But the same goes for multiples of 3, 5, 7, 11, ..., pn hence the recursive isPrime call.
Is there an easier (faster) way to jump numbers then to check if it's prime (like the i += 2 idea?)
If you only need the fist couple of say.. thousand primes, its probably fastest to just pre-calculate them, hold them in a big array and do a binary search. (If your test-input is random, do a quick %2, %3, %5... - check before the lookup with the number of checks approximately equal to the logarithm of the size of your pre-calculated buffer).
If you want to test for very large numbers (e.g. used in cryptography applications) and you are really concerned about speed, take a look at common math libraries and their bigint - classes (or equivalents). There are usually "ProbablyPrime()" - functions that are much much much ... much faster for very large prime numbers drawn out of random numbers1), but which may fail in a neglectable2) number of cases
1) Some of the algorithms won't work if the number under test is not random, but may come from "mallicious" source.

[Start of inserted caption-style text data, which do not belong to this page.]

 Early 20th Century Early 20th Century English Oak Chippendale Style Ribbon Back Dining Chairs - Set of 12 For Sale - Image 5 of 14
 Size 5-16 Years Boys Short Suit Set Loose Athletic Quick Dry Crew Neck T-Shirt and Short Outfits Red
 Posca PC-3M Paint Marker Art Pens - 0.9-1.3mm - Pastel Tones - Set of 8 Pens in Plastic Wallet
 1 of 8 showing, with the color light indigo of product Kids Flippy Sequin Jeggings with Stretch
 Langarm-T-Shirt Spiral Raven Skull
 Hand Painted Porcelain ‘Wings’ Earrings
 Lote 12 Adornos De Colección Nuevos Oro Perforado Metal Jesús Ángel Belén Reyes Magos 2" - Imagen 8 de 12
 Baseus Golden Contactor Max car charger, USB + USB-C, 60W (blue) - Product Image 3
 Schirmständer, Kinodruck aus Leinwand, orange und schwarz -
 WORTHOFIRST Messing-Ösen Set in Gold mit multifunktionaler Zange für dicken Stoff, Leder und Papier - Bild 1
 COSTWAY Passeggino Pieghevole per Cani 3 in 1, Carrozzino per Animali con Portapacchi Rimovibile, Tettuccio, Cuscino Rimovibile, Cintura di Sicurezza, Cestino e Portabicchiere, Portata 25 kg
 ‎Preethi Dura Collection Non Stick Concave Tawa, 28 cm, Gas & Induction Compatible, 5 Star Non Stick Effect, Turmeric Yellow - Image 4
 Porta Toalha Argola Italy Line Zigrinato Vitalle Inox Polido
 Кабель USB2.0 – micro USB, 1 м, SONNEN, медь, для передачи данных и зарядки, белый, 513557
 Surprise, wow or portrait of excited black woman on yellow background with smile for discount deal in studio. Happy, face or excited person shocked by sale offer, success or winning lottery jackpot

Beware of this, especially in cryptographic applications!
2) "neglectable" as in "a much smaller probability as that a random bit in your memory suddenly flips because of RAM-malfunction and you get a wrong result in your other algorithm too" ;-)
Actually I'm taking a number theory course, and we have talked a bit about such functions.
Do you have any links I should look at? If not I'll just google it.
...As to not get away from the topic, I was strictly looking at how to optimized the first function above (moreover, will the recursive call optimize the function in any case); and I though about storing primes in an array, however I don't have any preconditions about the size of the input value; and also, would construction of the array within the function (to avoid holding onto memory) be faster then not using one?
The point of the array of primes is to compute them only once. Making it local (non-static) to the function defeats that purpose. It is still better (or at least not worse) to store the first N primes in an array, even if the size of the input is unbounded.